# What are the cutest/goofiest behaviors your rats do?



## cvieira (Feb 25, 2014)

I've had my girls for a year now and they crack me up all the time. 

Sigmund likes to try to jump from the floor of my room to the windowsill, usually only makes it about a 3rd of the way and looks totally pathetic scrambling at the wall failing at it. Its pretty funny to watch, and I love how she gets her little butt wiggling all over the place when she's getting ready to launch 

Carl is a big time hoarder, especially of paper products so watching her try to move a magazine thats 3 or 4 times her size to the other side of the room is hilarious. I also once watched her bound away with an entire pear in her mouth. I don't know how she did that.

What kind of silly shenanigans do you see your ratties getting into?


----------



## Grotesque (Mar 19, 2014)

Totally cute! I love the little "ready to jump" butt wiggle. 
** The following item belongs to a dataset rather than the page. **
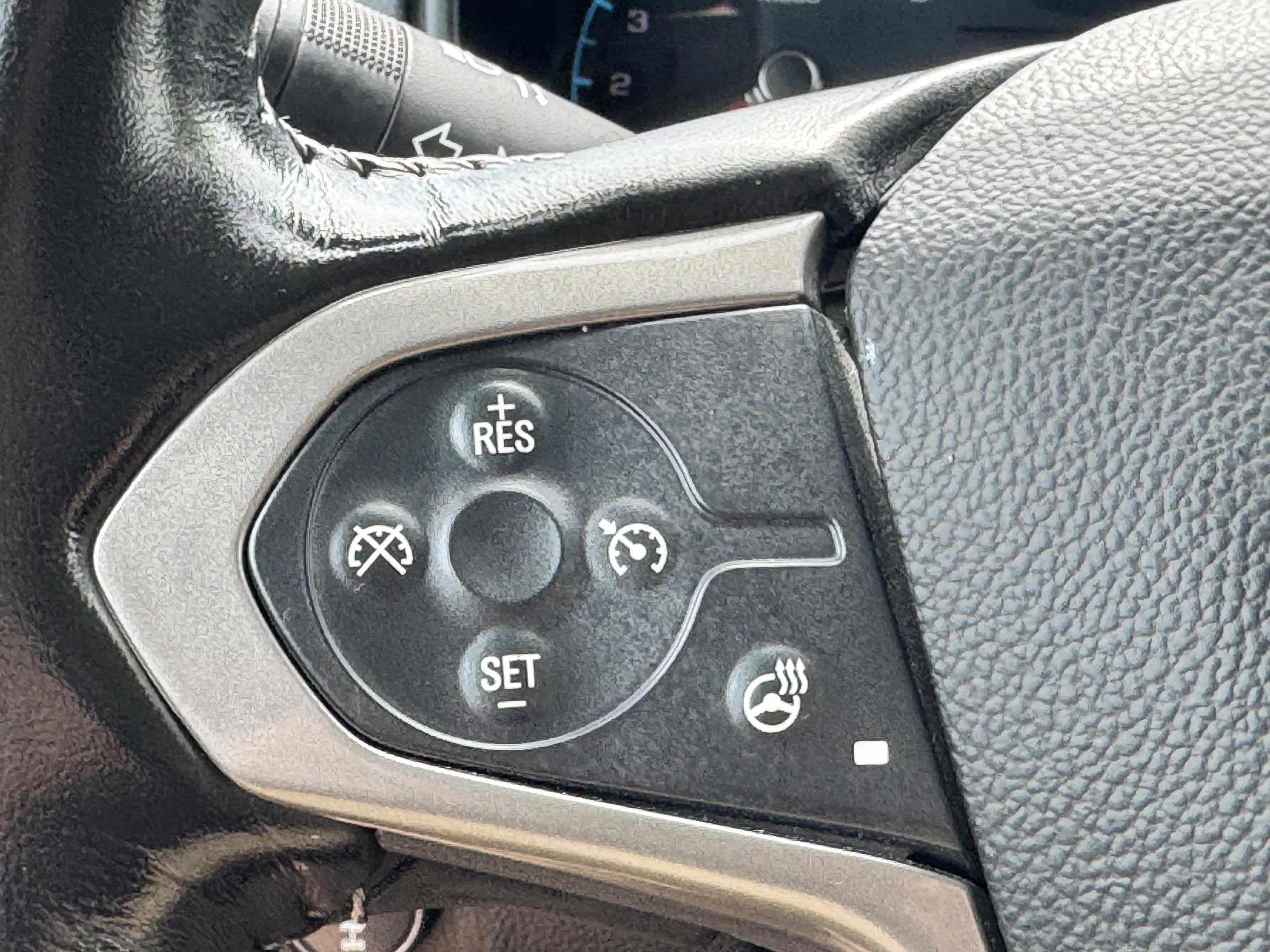 2019 Chevrolet Colorado 4WD Z71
My new baby rat, Dash, makes the oddest sound when she is being groomed. It sounds like people running with sneakers on a basketball court. I guess that is her cutest thing so far. 
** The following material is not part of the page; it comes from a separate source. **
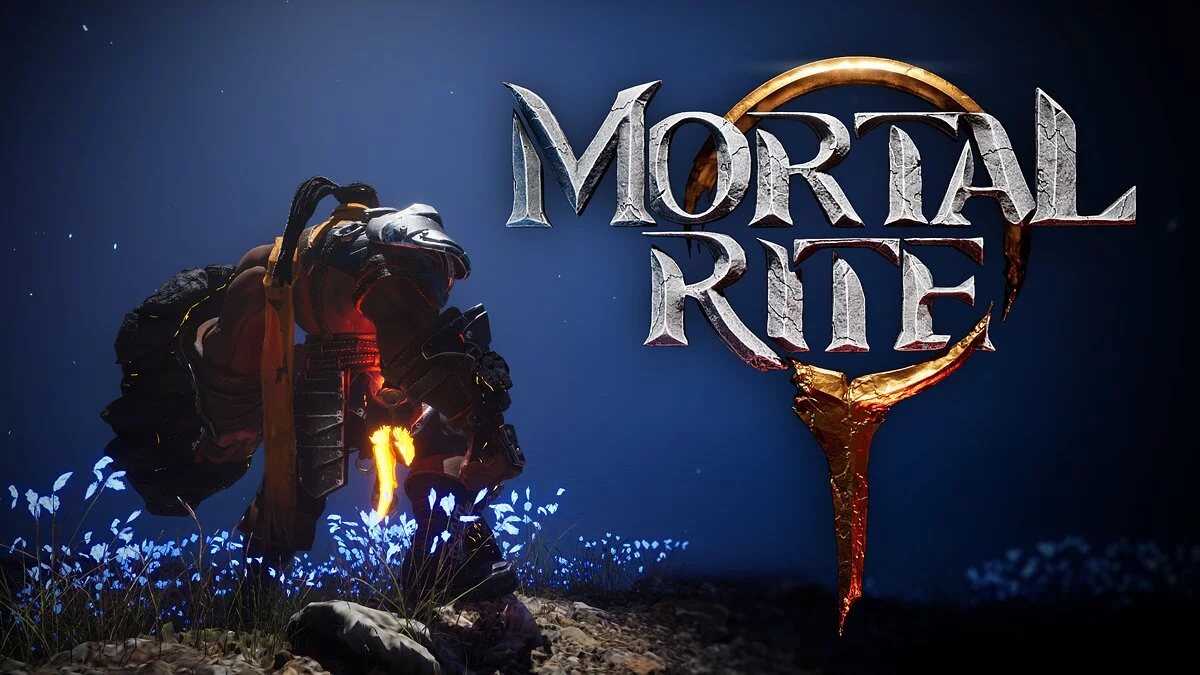 Скриншот из игры Mortal Rite - 22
Gizzard wiggles her ears when she eats treats. Wafer stuffs her cheeks with rice puffs like a hamster. Oreo strands herself in various places and waits for help. 

Mocha will get impatient and angry if both my boyfriend and I aren't present during her "out" time. If we aren't BOTH there, she puffs, paces around, and stares at the door. Even if she is just standing in one spot, grooming herself, she expects us both to be there to watch her. 

Chai dramatically shakes the cage bars and literally sticks her arm out in a "come here" motion to get your attention.


----------



## erikablanchettexo (Nov 25, 2014)

I haven't really had my girls for that long but Beatrice will tug on my shirt sleeve when I'm tidying up their cage because I'm not paying attention to her. Once I pick her up and give her kisses on her belly she goes about her business again. 

Aurora and I haven't really bonded like Beatrice and I have for some reason. She's super nervous of me still which I don't blame her really because as soon as I got her from the pet store pretty much, she was sick and had to be given meds 2 times a day. So she probably associates me with getting her medicine. But some days she's better than others and actually lets me pick her up. She does do this cute thing where she hides in my shirt and pokes her little head out to sniff the air haha.


----------



## Sabatea (Aug 23, 2014)

Dela tugs on my sleeve if I don't put her on the counter in the bathroom when she asks the first time. XD Also, if you try to hand her a treat when you have more than one in your hand, she'll freeze and stare at it until you give her both of them, then she scampers off and promptly eats them both. XDD

Neera really enjoys licking you. Even complete strangers. She licked the vet repeatedly, even when she was struggling to get away. She also tends to get very, very upset if I do anything to Dela's fur. ._. If I wipe her down or get her wet to clean her, Neera will charge over and basically bowl Dela over and lick it clean, even though I think Dela's the dominant one. XDD


----------



## Munchies (Nov 23, 2014)

Grotesque said:


> Mocha will get impatient and angry if both my boyfriend and I aren't present during her "out" time. If we aren't BOTH there, she puffs, paces around, and stares at the door.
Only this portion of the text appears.